We spend a lot of time talking about the things that we would like to do better. It’s a natural disposition for educators – continually looking for ways to perfect what is, at its core, a fundamentally imperfect enterprise. As long as we keep in mind that our efforts to perfect are really about improvement and not about literal perfection, this mindset can cultivate a healthy environment for demonstrably increasing our educational effectiveness.
However – and I admit that I’m probably a repeat offender here – I don’t think we spend enough time reveling in our success. Often we seem to jump from brushfire to brushfire – sometimes almost frantically so. Though this might come from a genuinely honorable sense of urgency, I think it tends to make our work more exhausting than gratifying. Conversely, taking the time to examine and celebrate our successes does two things. First, it bolsters our confidence in our ability to identify a problem, analyze its cause(s), and implement a successful solution – a confidence that is vital to a culture of perpetual improvement. Second, it helps us more naturally approach problems through a problem-solving lens. There is a lot of evidence to show that examining the nature of a successful effort can be more beneficial than simply understanding every painful detail of how we screwed up.
So this last week before Christmas break, I want to celebrate one such success. If I could hang mistletoe over the campus, I’d likely start doling out kisses (the chocolate kind, or course). In the four terms since we implemented the IDEA Center course feedback process, you have significantly increased the degree to which students report learning in their courses. Between fall of 2011 and fall of 2012, the average Progress on Relevant Objectives (PRO) score for a course has increased from a 3.8 to a 4.1. In addition, on 10 of the 12 individual IDEA learning objectives, students in Augustana courses during the fall of 2012 (last term) reported higher average learning progress scores than students from the overall IDEA data base. More specifically, the average learning gains from our own courses last term were higher than our overall Augustana average from the previous three terms on 10 out of 12 IDEA learning objectives.
Looking deeper into the data, the evidence continues to support the conclusion that our faculty have steadily improved their teaching. Over four terms, faculty have reduced the number of objectives they select and narrowed the gap (i.e., variance – for those of you jonesing for statistical parlance) between progress on individual objectives chosen for a given course. This narrowing precision likely indicates an increasing clarity of educational intent on the part of our faculty. Moreover, this reduction in selected learning objectives has not come at the expense of higher order thinking objectives that might be considered more difficult to teach. On the contrary, the selection of individual learning objectives remains similarly distributed – and equally effective – across surface and deep learning objectives. In addition, students’ responses to the questions regarding “excellent teacher” and “excellent course” went up from 4.2 to 4.3 and from 3.9 to 4.0, respectively. Finally, when asked whether “as a result of this course, I have more positive feelings about this field of study,” students’ average responses increased from 3.9 to 4.0.
Are there some reasons to challenge my conclusions? Maybe.
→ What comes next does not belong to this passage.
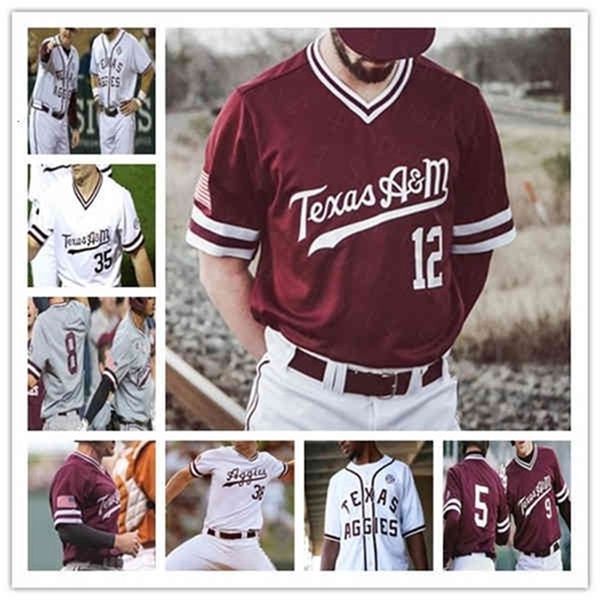 Chen37 Мужской колледж Бейсбол 2020 Texas Am Aggies Jersey Zach Deloach Logan Sartori Asa Lacy Ray Alejo Cam Blake Bryce Miller Mikey Hoehner 4xl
While last year’s participation in the IDEA course feedback process was mandated for all faculty in an effort to develop institutional norms, only about 75% of courses participated this fall. So it’s possible that the courses that didn’t participate in the fall would have pulled down our overall averages. Or maybe our faculty have just learned how to manipulate the system and the increased numbers in both PRO scores, individual learning objectives, and teaching methods and styles are nothing more than our improved ability to game the system.
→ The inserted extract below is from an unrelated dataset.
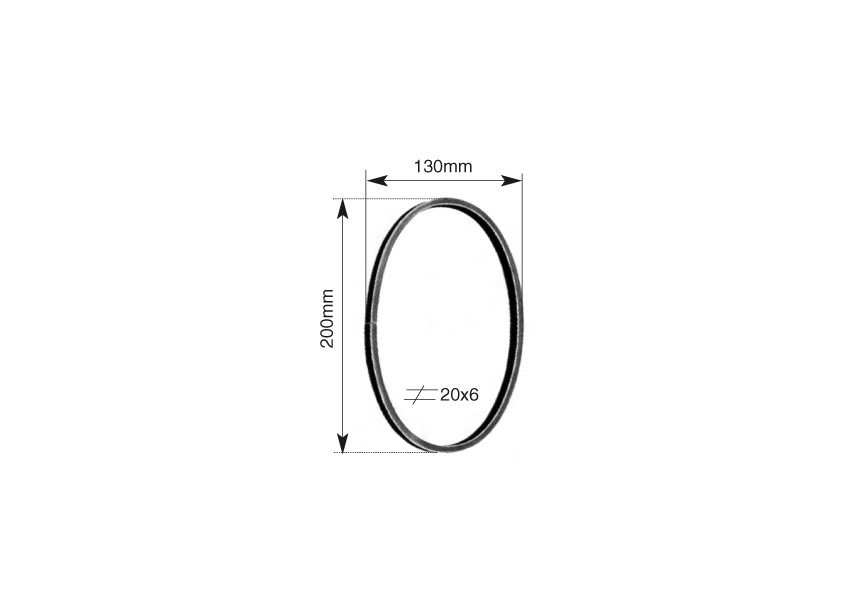 OV133~~OVALE RING 130MM 20X6MM.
To both of these counter-arguments, in the spirit of the holiday I say (respectfully) . . . humbug. First of all, although older faculty are traditionally least likely to employ course evaluations (as was the case this fall), I think it is highly unlikely that these faculty are also our worst instructors. On contrary, many of them are master teachers who have found long ago that they needed to develop other methods of gathering course feedback that matched their own approach to teaching. Moreover, even if there were some courses taught by senior faculty in which students would have reported lesser degrees of learning, there were courses with lower PRO scores taught by faculty from all classifications. Second, while there might be some potential for gaming the IDEA system, what I have seen some people refer to as “gaming” has actually been nothing but intentionally designed teaching. If a faculty member decides to select objective 11, “learning to analyze and critically evaluate ideas, arguments, and points of view,” and then tells the students that this is a focus of the course, asked students to develop this skill through a series of assignments, discussions, projects, or papers, and then explains to students when and how they were making progress on this objective . . . that all sounds to me like plain ol’ good teaching. So if that is gaming the system or teaching to the test, then (in the words of every kid who has ever played football in the street), “GAME ON!”
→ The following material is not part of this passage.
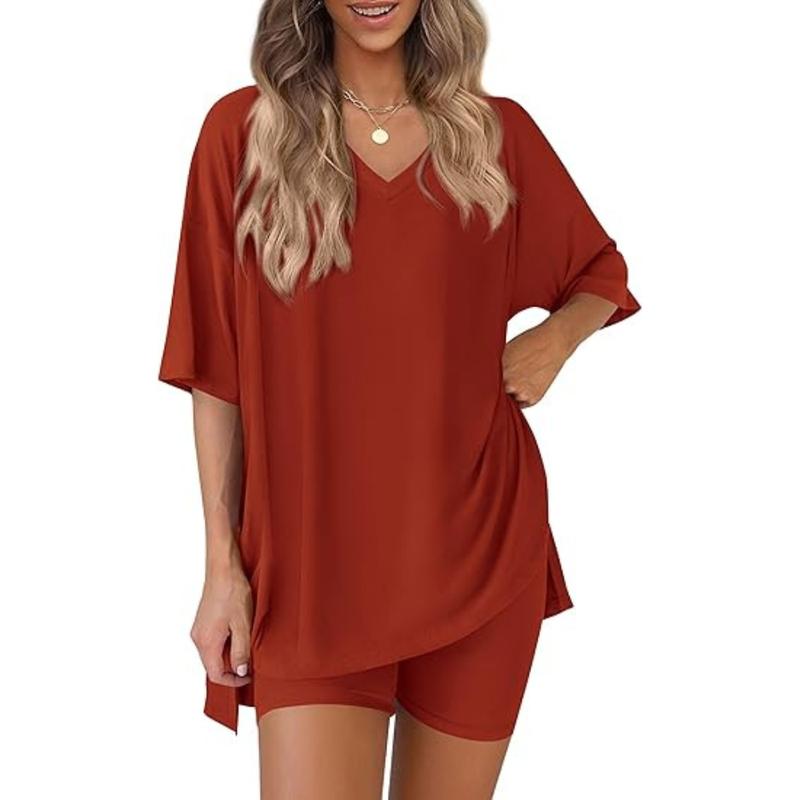 Women’s Buttery-Soft V-Neck Lounge Set – Oversized Split-Hem Top & Biker Shorts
Are there other data points in last term’s IDEA aggregate report that we ought to examine and seek to improve? Sure. But let’s have that conversation later – maybe in January. Right now, let’s revel in the knowledge that we now have evidence to show the fruits of our labor to improve our teaching. You made the commitment to adopt the IDEA course feedback system knowing that it might require us to step up our game. It did, and you responded in kind. Actually, you didn’t just meet the challenge – you rose up and proved yourselves to be better than advertised. So congratulations. You thoroughly deserve it. Merry Christmas.